I have heard that "Steve's" response to right-clicking is "Find a better user interface method". Basically, and I semi-agree, that the right click menu is a lazy way of implementing your menuing.

Granding, I like right clicking, but I also know that some apps in the windows world, it is like all menus are under the right click.


----------



## Gerard McLean (Feb 24, 2005)

Might be lazy, but it is like the QWERTY keyboard... been around too long to change!

G.


----------



## Lasha (Feb 24, 2005)

Exactly. I don't think Apple will ever change their single mouse button. It's like...their "THING" that every company has, you know? I am perfectly fine with the single mouse button for their products, but I can always get a nice Logitech or Microsoft mouse that'll do my right clicking just fine.


----------



## Convert (Feb 24, 2005)

Just been playing Rise of Nations. It's good. The units only move to a point when you right click. That is annoying. 

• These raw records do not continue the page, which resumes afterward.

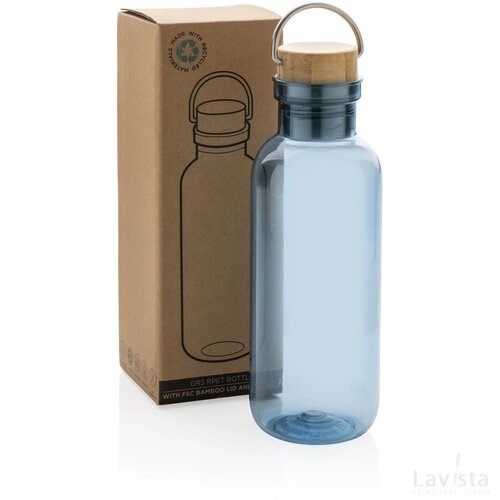RCS recycled PET fles met bamboe deksel en handvat blauw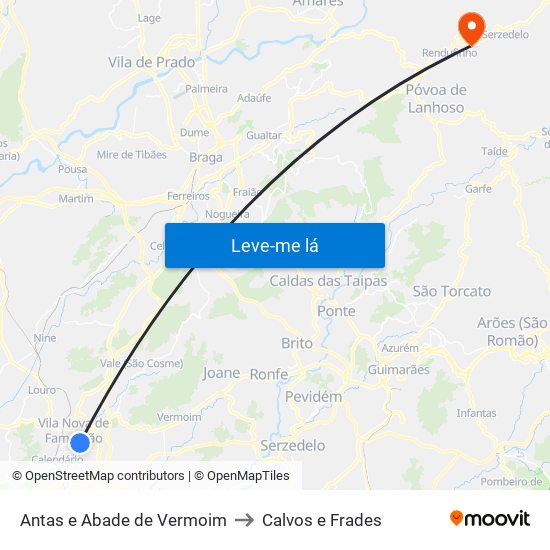 Antas e Abade de Vermoim to Calvos e Frades map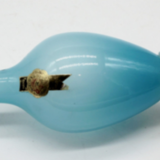 Blue and white opaline vase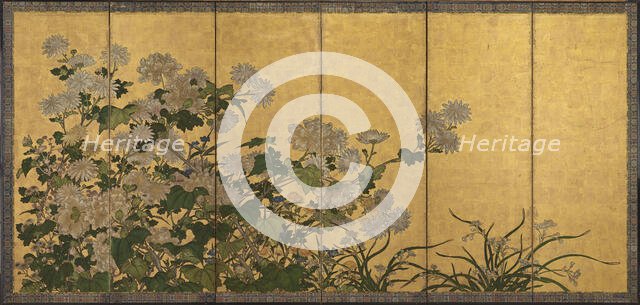 Flowers: chrysanthemums, peonies, etc, Edo period, 18th-19th century. Creator: Unknown.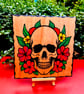 Skull and flowers handcrafted wooden plaque 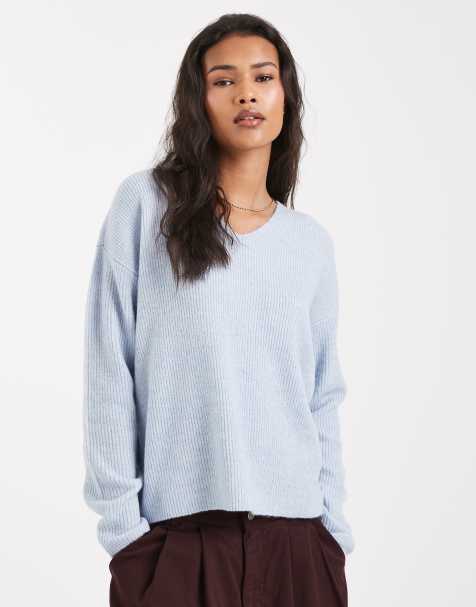 ONLY - Maglione extra largo con scollo a V blu chiaro - view 1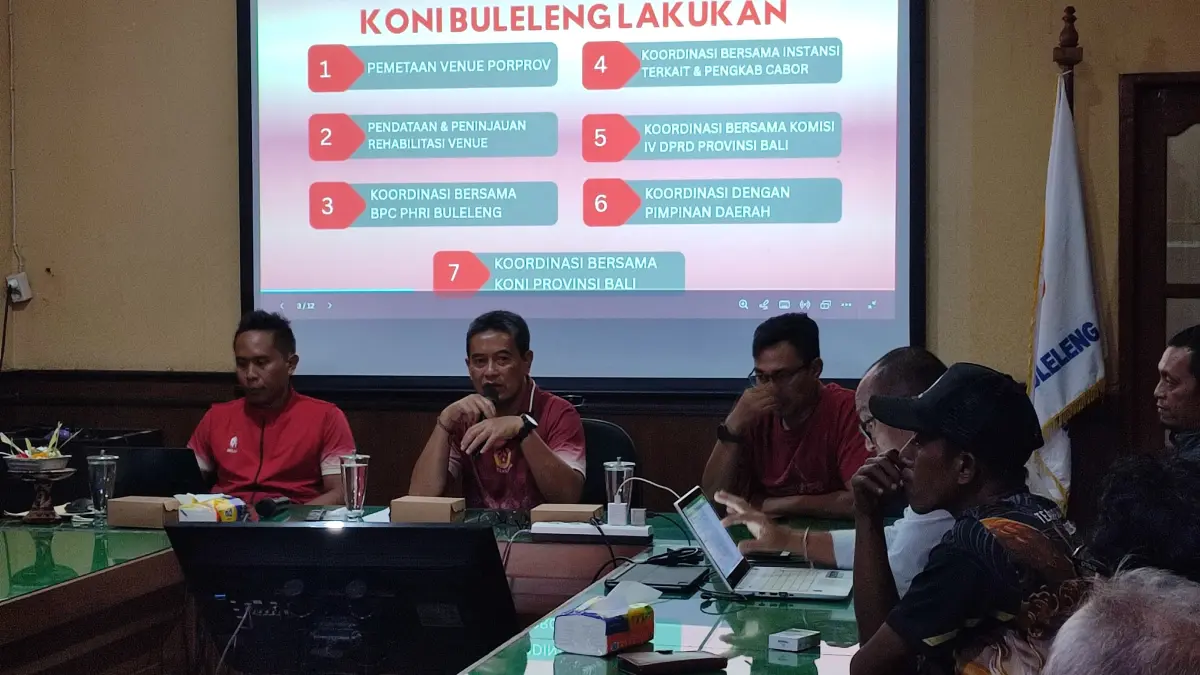 BAHAS PORPROV: Suasana rapat KONI Buleleng membahas persiapan Pekan Olahraga Provinsi (Porprov) Bali 2027. (KONI Buleleng)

Hopefully I can fix this though.


----------



## Viro (Feb 24, 2005)

If you hold the mouse button down on the trash for 1 second, the menu comes up as if you had right clicked it.

Much as it would annoy most new Mac users, the Mac doesn't need a 2nd button. It works fine with 1 button. What used to be missing was a scroll wheel, but with the new Powerbooks (and on old ones with the iScroll patch), you get scroll wheel functionality as well.

So no, the Mac doesn't need the 2nd button. The interface is well designed enough to be used only with 1 button.


----------



## mi5moav (Feb 24, 2005)

ctrl click trash???  You can also just use speach cntrl and say empty trash. Why have fifty buttons to do something when one or none can do the same.  "empty trash", said the mac user... and it was done.     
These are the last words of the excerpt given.